This incident retro was tougher than most to share because, despite the seriousness of the issue, it affected only a very small percentage of our user base. However, we learned some incredibly valuable lessons and I think it's only right that I give others the chance to learn from our mistake as well.

Context

On Thursday July 8th, we merged a very large PR that updated our code to start using our new User Settings instead of the deprecated fields on users. The goal of moving these fields to user settings is to lighten up the user model and make these types of settings more configurable on a per-Forem basis.

Problem

On July 9th around midday, it was brought to our attention through a bug report that the comment creation experience on the frontend seemed to be broken. At this point folks on the team started looking into the problem. Using Honeycomb, we were able to confirm that the problem started when the User Settings PR was deployed which made it the prime suspect.

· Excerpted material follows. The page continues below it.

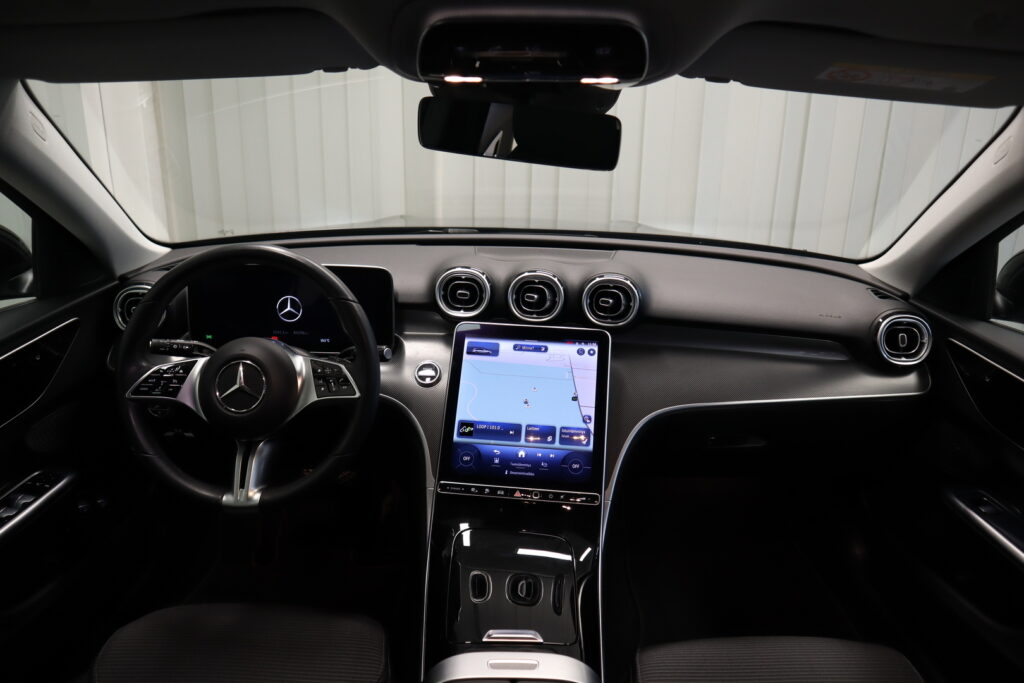 Mercedes-Benz C, image 24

I immediately dove into the PR and quickly found the line of code that had been broken.

We had incorrectly removed the user_ids scope from the filtering used to collect user IDs for sending mobile push notifications. This was causing us to attempt to grab notification settings and IDs for all users with mobile notifications turned on which was often timing out. These timeouts would occur after a comment was created so the comment in most cases still existed but we never returned a success response to the frontend. This caused the frontend to freeze creating a bad experience for the user.

Fix

In order to remedy this situation, we quickly added back the scope and deployed. Immediately the errors and timeouts went away and things returned to normal for comment creation.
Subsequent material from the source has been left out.